Application Before the Court

  1. The grounds of the application before the Court are as follows:

    “1. RRT has prejudice against me, it doesn’t believe whatever I said.

    2. Immigration Department treated me unfair and ask me for interview when I was in labour.

    3. RRT has relied untested information and said that I can find help and just pay 700 RMB to get my child registered, but this is not true in China.

    4. RRT asked some irrelevant questions and said I wouldn’t be able to come to Australia if I was discriminated in school at China. RRT’s reasoning is illogical and irrelevant to my application.”

Before the Court

  1. The applicant had appeared before the Court, with the assistance of an interpreter in the Mandarin language, on two previous occasions, at a first Court date on 17 September 2014, and at a callover on 11 March 2015 before a Registrar. The applicant was put on notice at the first Court date that if she did not provide evidence in support of her application, or put any legal arguments before the Court, that the Minister would seek to have the matter dismissed pursuant to Part 44 of the Federal Circuit Court Rules 2001 (Cth) (“the FCC Rules”).

  2. At the next Court event, on 11 March 2015, the Minister maintained his position that the application did not raise an arguable case for the relief sought and the matter was set down for a “show cause” hearing.

  3. Before the Court today the applicant appeared in person and was assisted by an interpreter in the Mandarin language. I note that the Minister has filed written submissions in these proceedings.

The Issue

  1. The issue before the Court is whether the grounds of the application raise an arguable case for the relief sought. I note in this regard that the applicant seeks orders that the Tribunal’s decision be quashed and returned to it for reconsideration.

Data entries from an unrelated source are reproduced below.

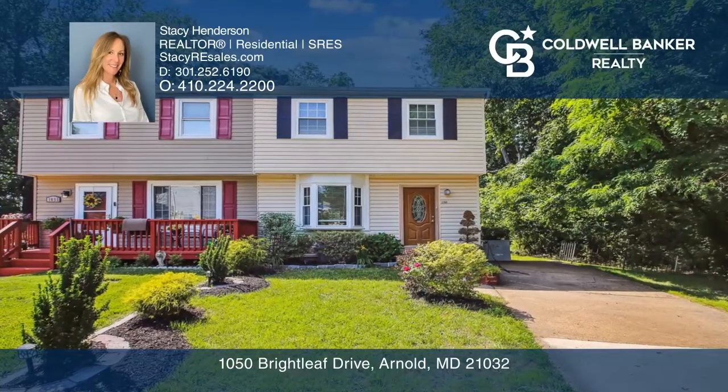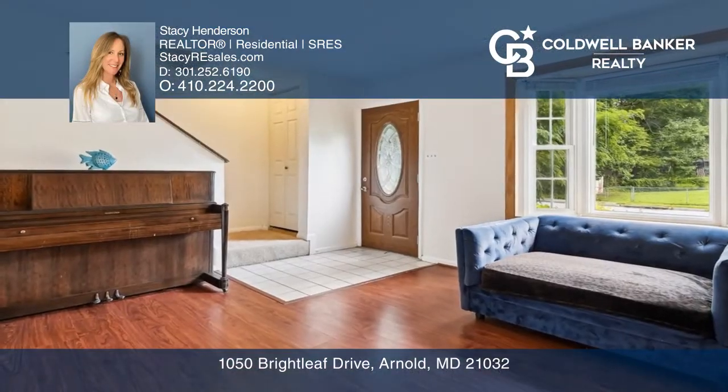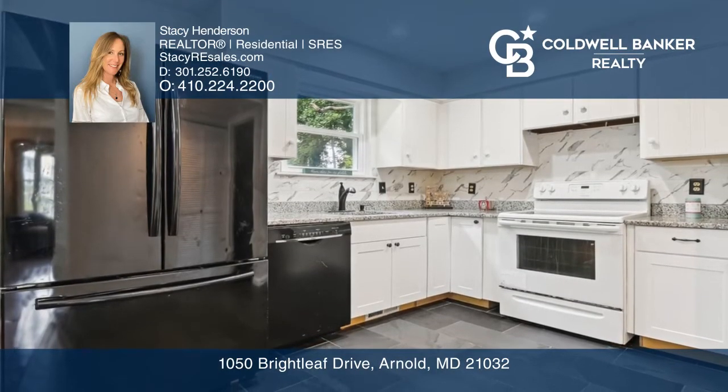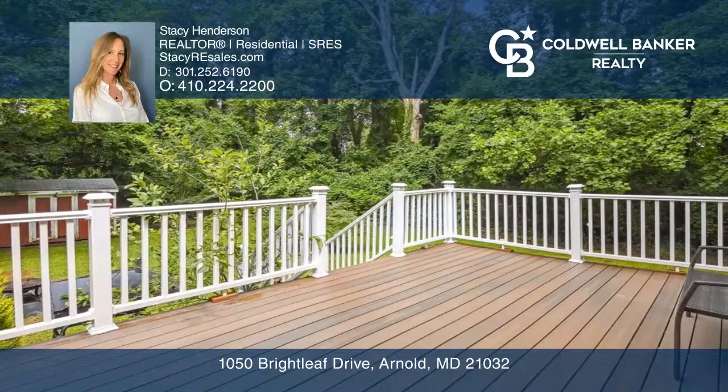Come see this sunny home that feels like a single family. The main level offers a living room, kitchen, and dining area. A sliding glass door leads to a beautiful composite deck overlooking the generous backyard.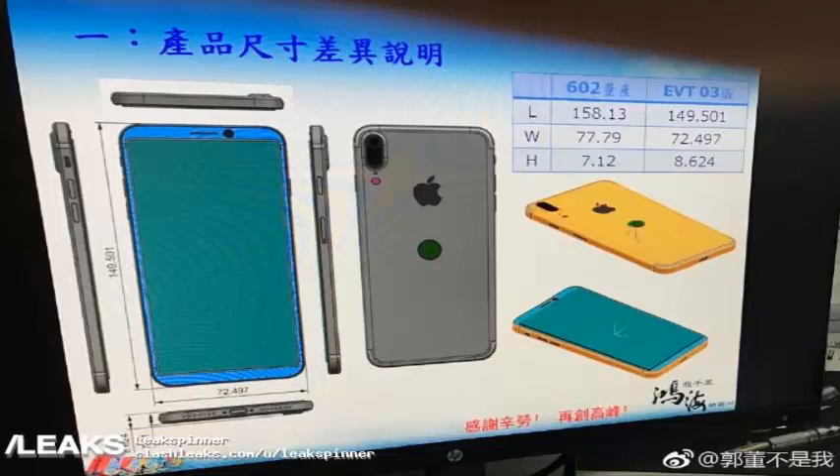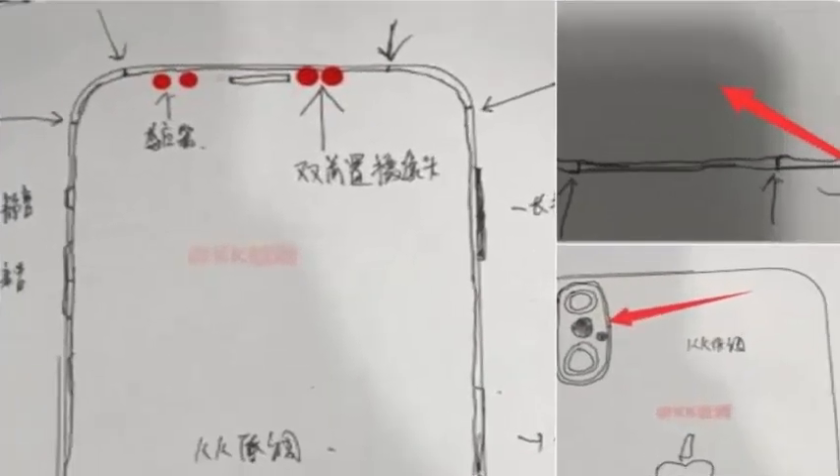A technical document was posted in a photo to Chinese social networking site Weibo by a currently unknown source. It appears to be a CAD document, showing a device around the same thickness as the iPhone 7, but with minimal bezels, a vertically aligned camera suite, and a relocated Touch ID sensor on the back. The schematics appear to be from the engineering verification testing phase, which usually occurs before any design or production validation testing.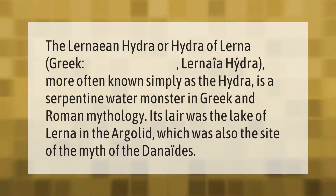The Lernean Hydra, more often known simply as the Hydra, is a serpentine water monster in Greek and Roman mythology. Its lair was the lake of Lerna in the Argolid, which was also the site of the myth of the Danaides.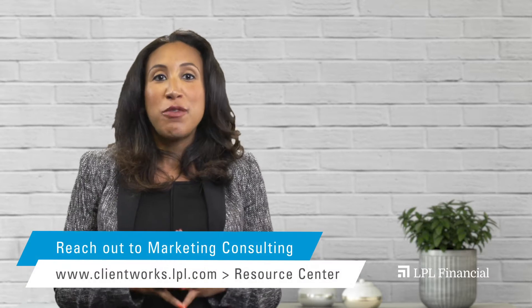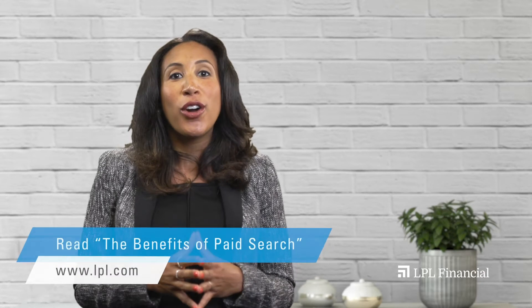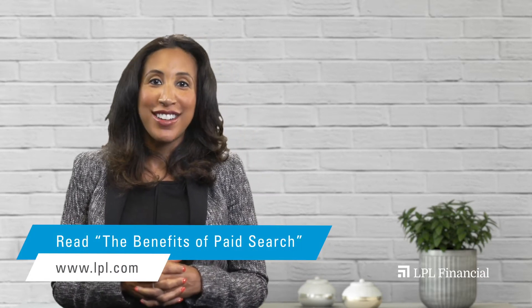To read a full list of benefits, LPL advisors can visit the Resource Center or check out the full article, The Benefits of Paid Search on LPL.com.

  2. If the Court cannot be satisfied that an arguable case is raised against the respondent the application will be dismissed. It is the case that the Court’s power should be exercised with great caution. Given the summary nature of any such dismissal, the application should only be struck out where there is no real question to be tried, where the claims are clearly untenable and cannot succeed (General Steel Industries Inc v Commissioner for Railways (NSW) [1964] HCA 69; (1964) 112 CLR 125 especially at [8] – [9], Webster v Lampard [1993] HCA 57; (1993) 177 CLR 598, Applicant A135/2002 v Minister for Immigration & Multicultural & Indigenous Affairs [2003] FCA 708 at [3] – [6], Applicant A163/2002 v Minister for Immigration & Multicultural & Indigenous Affairs [2003] FCA 677 at [1]), the claims are groundless (Dey v Victorian Railways Commissioners [1949] HCA 1; (1949) 78 CLR 62), where there is a high degree of certainty about the outcome (Agar v Hyde [2000] HCA 41; 201 CLR 552; 173 ALR 665; 74 ALJR 1219) or it is a hopeless case that would fail if it were to go to a final hearing (Xie v The Immigration Department [1999] FCA 365).

Consideration

  1. Before the Court today, the applicant was unable to assist the Court in explaining the grounds of her application.  The applicant said that she wanted to stay in Australia, and then said that if she returned to China that “people would look at [her] funny”. 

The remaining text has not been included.